Relative to unexposed samples, we identified radiation-induced DNA DSBs and GE changes of DDB2 and EDA2R, but no miRNA changes and no GE changes of AEN, CDKN1A, BAX, and APOBEC3H could be detected after low-level irradiation of 16 to 20 mGy. Significant radiation-induced FDXR differential gene expression (DGE) was observed with the FD protocols but not with the tin-prefiltered LD protocol. There were no significant changes in DNA DSBs and DGE of mRNA and miRNA when the tin prefilter was used (150 kV FD vs. Sn 150 kV FD protocol), when the dose was reduced (~ 3.5 mGy) due to tin prefiltering while maintaining image quality (120 kV vs Sn 150 kV LD protocol), or when trying to detect a dose reduction of 5 mGy (Sn 150 kV FD vs Sn 150 kV LD). However, in a frequency distribution comparing the Sn FD protocol with the Sn LD protocol and the 120 kV FD protocol with the Sn150 kV LD protocol, the Sn LD protocol showed a significantly lower frequency of lower DGE compared to the FD protocols. Together with the FDXR results, the DGE frequency distribution results indicate a tendency toward lower molecular biological cell response in tin-prefiltered LD protocols compared to the 120 kV FD protocol with the same image quality. Due to the non-significant changes in the direct group comparisons, these results of the frequency distribution should not be overinterpreted, so that the overall conclusion of this study, that the tin prefilter does not lead to any relevant change in the analyzed biological endpoints, remains valid. The results of the frequency distribution are nevertheless worth mentioning, as they show the protective, expected effect of the tin prefilter technique due to the dose reduction while maintaining image quality.
GE changes of FDXR and DDB2 have been intensively investigated after high radiation exposure [41–44], but it has also been described in the few existing studies that they are dysregulated after low radiation exposure [20, 25, 32, 45]. Only recently, it was shown that EDA2R was strongly dysregulated even after low dose radiation exposure (2.5 mGy) and is, therefore, a promising biomarker to detect radiation-induced changes in the mGy range [20, 25]. It could, therefore, also be used to investigate possible effects of dose reduction techniques on the transcriptome.
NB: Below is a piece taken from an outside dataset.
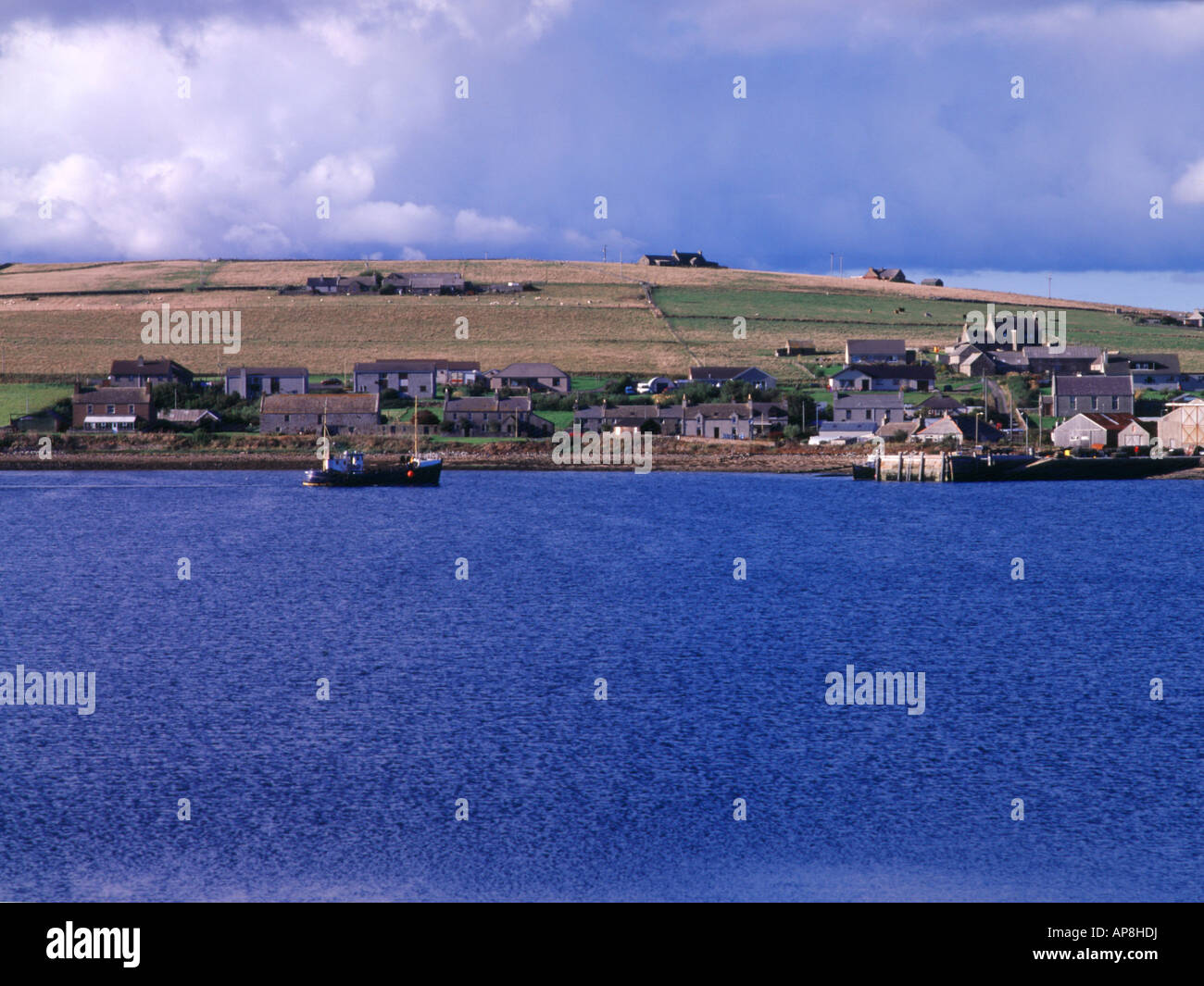 dh BURRAY ORKNEY Fishing boat approaching Burray village harbour pier Stock Photo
Nonetheless, EDA2R, like all other genes, was unable to detect the 3.5 to 5.5 mGy dose reduction of the Sn 150 kV LD protocol, although EDA2R showed the highest radiation-induced DGE levels. Possible reasons include the high interindividual variance previously described for EDA2R [46] and that current biodosimetry assays cannot detect a dose reduction of 3.5 to 5.5 mGy and the difference induced by tin prefiltering.
Although trial CT scans were performed to determine the acquisition parameters of the scanner to ensure 20 mGy for FD scans and the same image quality as the 120 kV FD scan for the Sn LD scan, the retrospective evaluation of the thermoluminescence dosimeter (TLD) data and the image quality shows deviations in the targeted dose as well as the image quality (Table 1). This is a limitation of this study, which was attempted to be minimized by performing the trial scans. Another explanation for why no differences in molecular biological changes were observed when using tin prefiltration is the geometry of the radiation exposure itself by positioning the blood samples centrally in the water phantom and not at the periphery, where larger differences would have been expected. Other limitations include the low number of donors examined which may lead to higher statistical effects due to more data scattering because of interindividual variations. Furthermore, the results were obtained by ex-vivo analysis, which will require further investigation with in-vivo samples and larger case numbers are required to verify our results.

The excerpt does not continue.